Heather: Excuses are the best. Them talking because I'm too tall? Makes perfect sense. Except I'm not tall.

Alison: I pretty much never sweat sacrament. An hour of perfect reverence is a lot to ask from the under two crowd. As long as you take them out when they're screeching, they can happy chatter all they want, as far as I'm concerned. It's usually more interesting than the speakers, anyway.

And this comment doesn't count as one of the seven!!!

tricki_nicki said...

I think you were perfect. It's not easy to keep your cool in situations like that (I just curse at people).

There were three VERY noisy women sitting behind us at the opening of the third Lord of the Rings that I had waited ALL year to see. EVERY time Orlando Bloom came onto the screen they would twitter and hoot, and basically act a fool.
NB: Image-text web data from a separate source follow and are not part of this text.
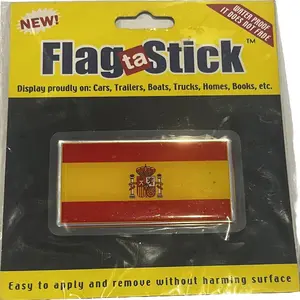 FlagStick Spain Waterproof Car Sticker - Easy Application & Removal - Ideal for Cars, Trailers, Boats, Trucks, Homes, Books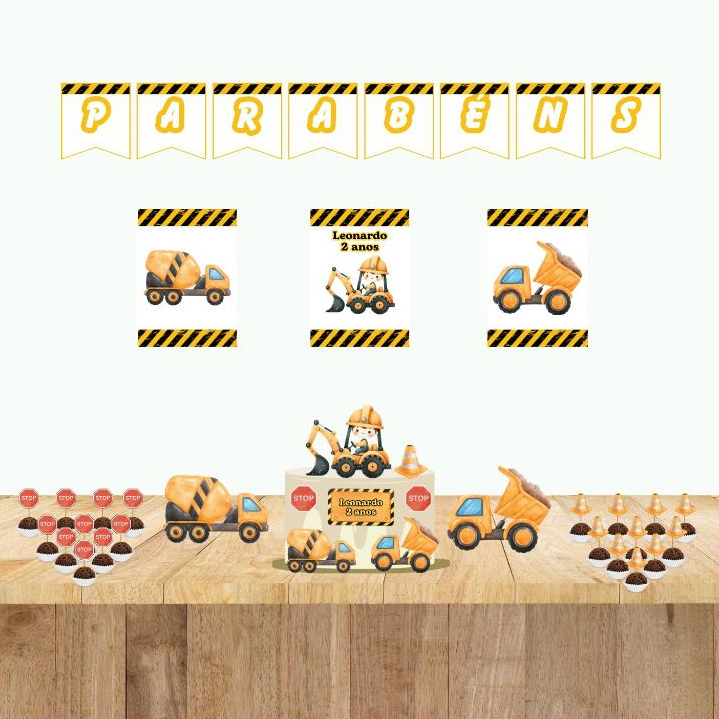 Kit só um bolinho |topo de bolo trator patrola caminhão| festa simples | mesversario | aniversario em Oferta na Shopee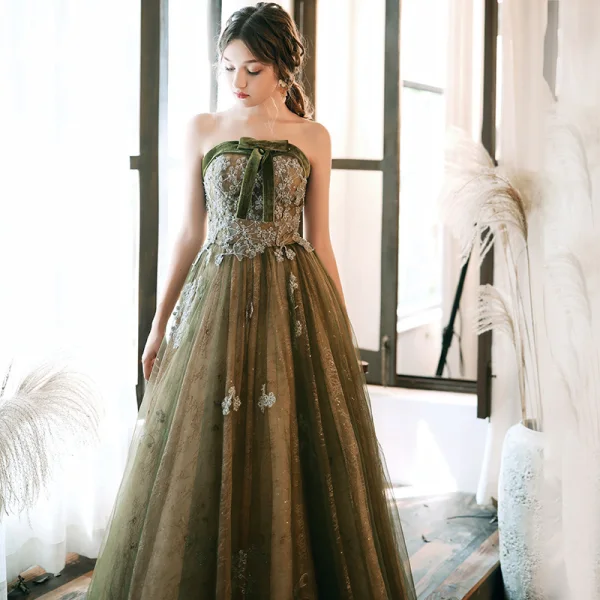 Chic / Beautiful Clover Green Evening Dresses  2020 A-Line / Princess Strapless Sleeveless Appliques Sequins Glitter Tulle Floor-Length / Long Ruffle Backless Formal Dresses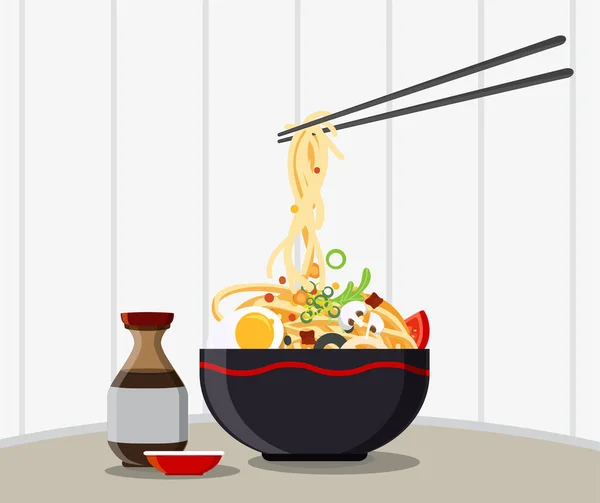 Geleneksel Çin Çorbası Erişteli Erişte Çorbası Çin Kâsesinde Erişte Çorbası — Stok Vektör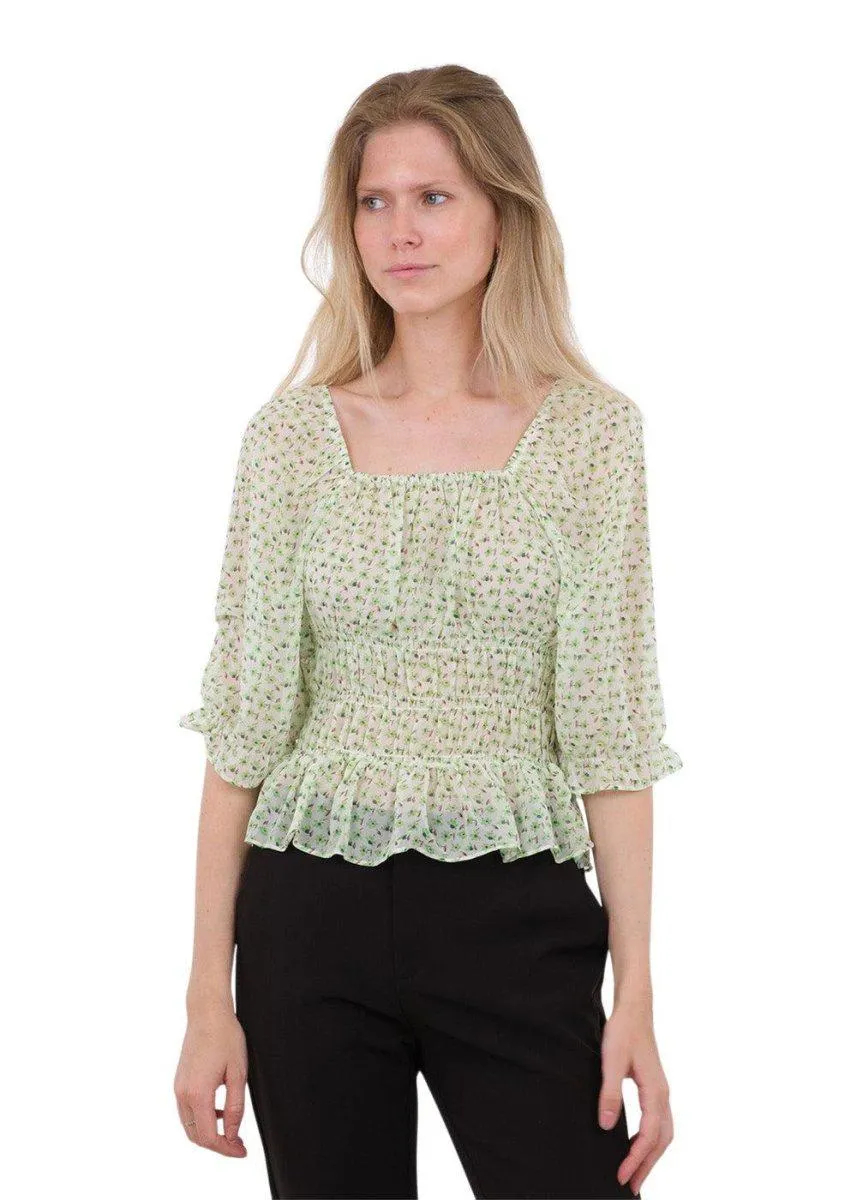 Celin Daily Flower Blouse - Green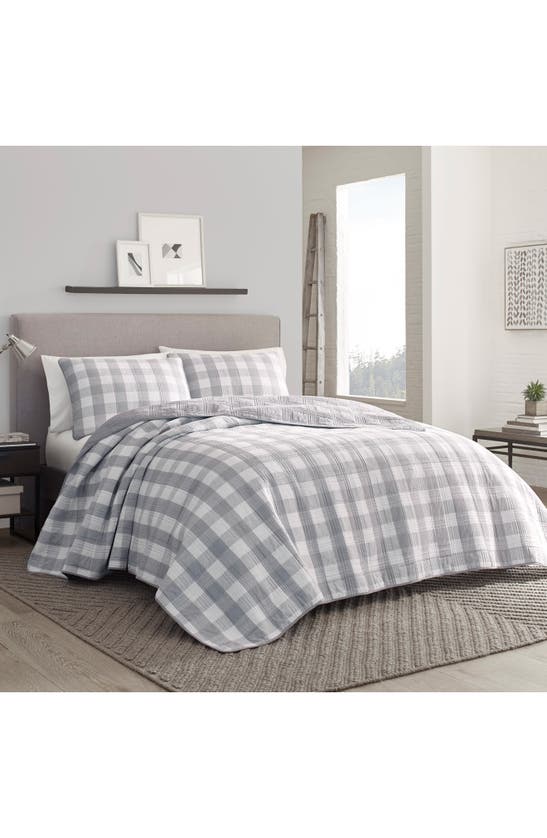 Eddie Bauer Lakehouse Plaid Cotton Quilt 3-piece Set In Grey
We kept shushing them until Mr. Wright finally yelled
"WILL YOU SHUT UP!?"

They never did. I wanted to fight them. Too bad you weren't there to be a grown-up for us!

Iguana Montana said...

"You have to expect that at something like this"??

No, you don't. And you handled it in an amazing fashion. I probably would have yelled. More than once.

In my experience you only expect it where children have not been properly trained or taught on etiquette and public behavior. I was raised to be seen and not heard. If "you have to expect it," why were my wife and I able to take an 8-year-old girl and a 10-year-old girl to a performance of Julius Caesar and never hear a word from any of the four? Hmmm.... (What was really sad was how many people complimented us on their behavior, as if they were surprised.)

Josi said...

You did it exactly right, me, I would have fumed and not enjoyed the show. Good for you--if my kids ever do that to you, you have my permission to turn around and hiss while clawing at them--I think that would do the trick.

Nancy said...

The best one we had was a ball game - Cincinnati Reds - and the guys with beer behind us - nuff said. At least it was supposed to noisy.

I have my pet peeves about church though. Make it more fun for the child in church than in the halls. If I take my child to the hall, they stay on my lap! More freedom and fun stuff IN church! But as Alison said, if you are there alone with just younger kids, it can be tough. I think kids need practice sitting still at home...so they know how to do it.

I think you did a great job.

Eowyn said...

I don't get the, 'well, their just kids' attitude. If you don't at least try to teach them, who will?

Well done.

Eowyn said...

Oops. Wrong word up there. They're, not Their.